また映画では志田監督が“より若い世代の男子新体操クラブチーム発足”のためにアオ高を離れる決断をしていましたよね。この行動は実際に、青森山田高校の元男子新体操部監督の荒川栄先生がしたことと通ずるんですよ。映画には男子新体操に魅了された子どもたちも登場するのですが、実際に今の男子新体操界にはこの子たちの受け皿がまだまだ足りていません。その状況を変えようと、BLUE TOKYO KIDSというクラブチームを作ったのが荒川先生をはじめとするOBの方々なんです(※2)。なので志田監督に荒川先生が重なりましたね。
※2…BLUE TOKYO KIDSの監督は川戸 元貴先生
一番左が志田…ではなく荒川監督(写真提供:たてやまふうや)
――男子新体操が抱える課題とその解決への一歩も、本当にリアルに描かれていたのですね。
たてやま:男子新体操は、映画で描かれたこと以外にもまだまだたくさんの課題を抱えたスポーツだと思っています。それでも男子新体操が抱える課題にも真摯に向き合ったうえで、こんなにもすばらしい形で男子新体操のゴールを伝えてくれたアニメスタッフの皆さんに、僕は心からありがとうと伝えたいですね。
――伝わってきたのは、どんなゴールでしたか?
たてやま:「大会で優勝することだけが、ゴールではない」ということです。「今いるチームでみんなで楽しく跳べたら、最高の演技だよね」というメッセージが、アオ高のメンバーの姿からヒシヒシと伝わってきました。
また「競技に打ち込んだ先」を自分で作っていく大切さも伝えてくれたと思っています。男子新体操も競技である以上、勝敗はつきます。だから勝ちにこだわる気持ちも大切です。ただ「優勝したから何?」となっているのが、男子新体操の課題の1つでもあります。
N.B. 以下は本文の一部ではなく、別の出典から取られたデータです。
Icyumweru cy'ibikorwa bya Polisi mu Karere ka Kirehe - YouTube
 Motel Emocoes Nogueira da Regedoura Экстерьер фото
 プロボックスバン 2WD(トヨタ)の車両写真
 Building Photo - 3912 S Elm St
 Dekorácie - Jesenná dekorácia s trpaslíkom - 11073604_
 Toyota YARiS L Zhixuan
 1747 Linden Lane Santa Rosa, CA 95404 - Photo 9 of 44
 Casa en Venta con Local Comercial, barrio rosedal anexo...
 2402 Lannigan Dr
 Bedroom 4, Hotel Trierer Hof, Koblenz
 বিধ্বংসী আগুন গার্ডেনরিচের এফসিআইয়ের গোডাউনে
僕はTVアニメで、とても印象に残っているシーンがあります。それは、志田監督のバックに交差する飛行機雲が描かれたシーンです。
©バクテン製作委員会
僕はあのシーンが志田監督自身の過去と今、そして未来を示唆していたのではないかと思っています。志田監督はケガでプレーヤーとしての道を断たれましたが、指導者という形で男子新体操にかかわることを決めてアオ高のメンバーたちと一緒に跳びました。そしてこの出会いが映画で描かれる志田監督の新たな夢へと繋がっていくわけです。
『映画 バクテン!!』は、男子新体操に関わる人すべてに、TVアニメで描かれた飛行機雲の先をも見せてくれると思っています。
(写真提供:たてやまふうや)
「飛行機雲の先」が確かめられる作品
筆者も一足先に『映画 バクテン!!』を鑑賞したが、たてやまさんの元男子新体操選手視点で改めて観てみようと、今回のインタビューを通して決意した。
また本作に対してたてやまさんが感じた「テーマ」は、男子新体操を知らない人にも届くと思っている。いま、大好きなこと、夢中になっていることを大切にすることの尊さ、その未来を自分で切り開いていくことの大変な中にもある高揚感。
©バクテン製作委員会
『映画 バクテン!!』は、たてやまさんの言う「飛行機雲の先」が、一人ひとりに存在することを確かめられる作品だ。